Vulnerabilities and Failures of Artificial Intelligence

Vulnerabilities and Failures of Artificial Intelligence in Cyber-security Defenses

Effectively upholding cyber security is undeniably the major challenge of every organization and country. According to Ponemon Institute, endpoint security risks are the hottest issues for organizations to handle. With damage costs of successful cyber attacks exceeding $5 million in 2017, vendors must strive to deliver new complex defense mechanisms that help organizations counter the increasing trend of differentiated attacks.

As cyber threats keep evolving by the minute, numerous vendors have turned to Artificial Intelligence (A.I.) to fortify the building blocks of their cyber security solutions. Hailed as the future of cyber defenses, A.I. has been incorporated into a range of cyber security products with the hope of providing the ultimate protection against all cyber attacks – a universal vaccine against all maladies. By analyzing historic threat activity using algorithms powered by neural networks, researchers state A.I. can be left to train itself and thus improve malware detection.

While A.I. protection has its fair share of strengths, A.I. driven cyber protection may not be as effective as portrayed. Experts in fact are highly concerned about numerous shortcomings that instill a false sense of security in organizations. This is a question of limits, and these limitations include:

  • Limited protection against zero-day exploits and new advanced threats (e.g. morphing malware): The base principle of A.I. is the ability to learn from past data and activity patterns, which presumes pervasive monitoring sufficient to be sure the needles are in the haystack.
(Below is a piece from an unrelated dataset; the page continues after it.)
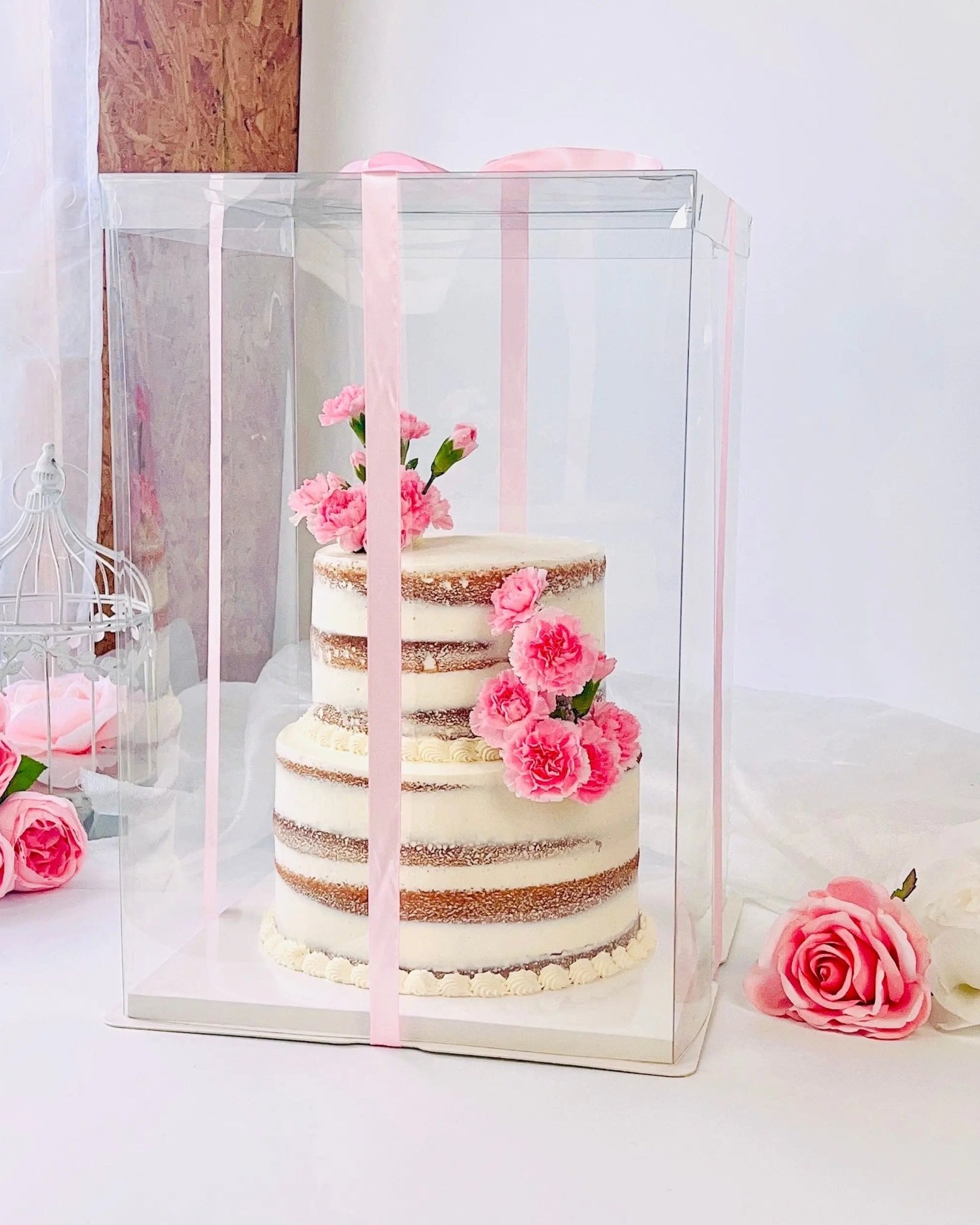 4 Tier Extra Tall Clear Cake Box With Ribbon - 13"L x 13"W x 19.5"H - S13195Sweet Degrees Kitchen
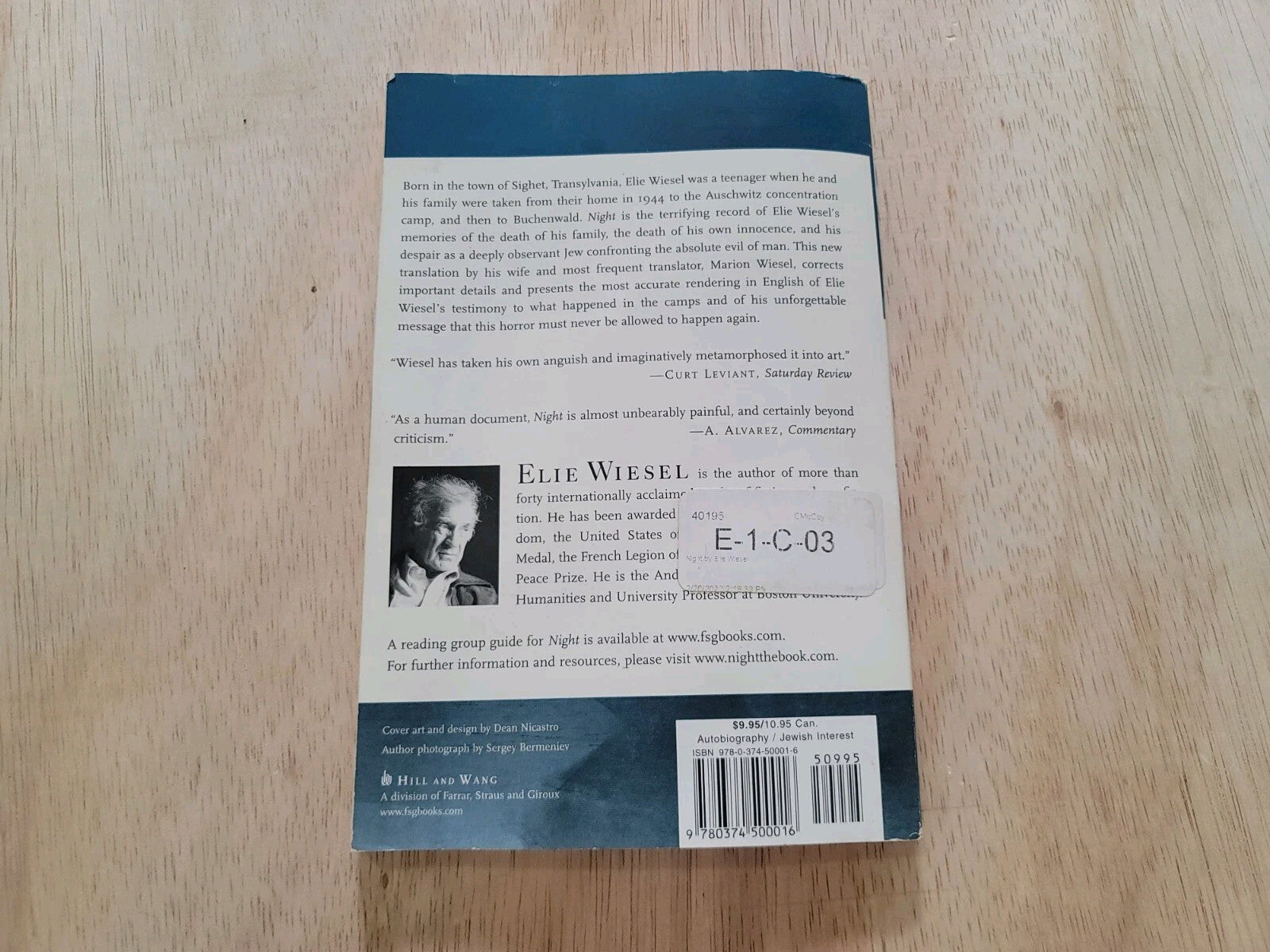 2 Of The Same Books Night (Night) - Paperback By Elie Wiesel B12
A.I. driven cyber defenses follow those same principles; they need to be trained to learn what malware looks like and how it behaves. The dependency on historic, viz., known and identifiable, malware activity makes A.I. based protection potentially less effective in detecting zero-day exploits and new variants of malware that do not match past malware patterns on which the A.I. was trained.
  • Higher rate of false positives: Like other cyber methods, A.I. protection mechanisms are classifiers; they classify ongoing activity by estimating how similar such patterns are to malware behavior. Classification is inherently prone to both false positives and false negatives, and a potentially high degree of fine-tuning on a company by company basis is required. Caution also needs to be practiced to avoid false positives; one might unwittingly slack heavily in the configuration, which may lead to further vulnerabilities and a false sense of security. As a result, balancing and properly setting these up may become a time-consuming, daunting and frustrating endeavor. If the A.I. is completely hands off, then it is all but certain you cannot ask why it does what it does and get an intelligible answer; it is uninterrogatable.
  • Be outsmarted by A.I. based attacks: A.I. is inherently dual use. In a 2018 study, “The Malicious Use of Artificial Intelligence: Forecasting, Prevention and Mitigation”, concern was raised about the increased use of A.I. in malware. The 26 researchers and industry experts involved in this study jointly asserted that A.I. is becoming an integral building block of sophisticated malware. This is primarily attributed to the increased automation A.I. brings and its ability to learn the behavior of A.I. defense systems. Experts predict that A.I. may eventually help attackers to more easily dupe A.I. security products by:
    • Adaptively changing malicious activity behavior on the fly so as to go by undetected; e.g., by displaying activity patterns not known to the A.I. or slow down its reaction
    • Disguise as a different malware to confuse the A.I. or trigger actions that are not effective on the real attack.
    • Generate decoys and disseminate false behavioral patterns, making the A.I. defense mechanisms react ineffectively to the threats. This may also generate huge volumes of false positives that hog the bandwidth with notifications. This may eventually:
      • Cripple the network and slow operations causing chaos. Chaos typically leads to misunderstandings, mistakes and rushed actions that may result in disasters.
      • Overload the IT team with alerts to analyze and process. The more alarms that flash at once, the higher the probability operators will panic and freeze. This generally leads to mistakes or slower reaction thus enabling the attack to intensify or penetrate deeper causing more damage.
      • Lead organizations to switch off or restart their A.I. defenses in an attempt to restore control, free bandwidth and stop notification alert overload. This would make organizations more vulnerable, opening a way for attackers to deliver their payload and additional waves of malicious attacks.
    • Higher demand on resources thus effecting performance: To have some degree of effectiveness, A.I. requires extensive data analysis operations on system logs and malware data from prior attacks. Consequently, it comes as no surprise that the learning process is resource-intensive at runtime and may necessitate higher spec hardware and network bandwidth in support of this process and to mitigate performance issues.
    • Potentially slower to achieve high degree of protection: The dependency of A.I. to learn from the past is similar to the dependency that legacy protection systems have on signatures – without this process, these systems would be heavily under performant much like legacy systems were with outdated signatures. In a sense, A.I. is once again signatures, only more sophisticated. A.I. defense systems also need to be tweaked to adapt to the activity patterns of the network where it is deployed (to also minimize false positives and enhance detection rate), as well as an A.I. learning process that varies in duration and effort from one organization to another. Consequently, until the A.I.s training and tweaking are done, organizations that fully and solely rely on such cyber security mechanisms may become highly vulnerable to attacks and risk being exploited due to the less effective cyber protection levels. Once again, interrogatability is the principle issue.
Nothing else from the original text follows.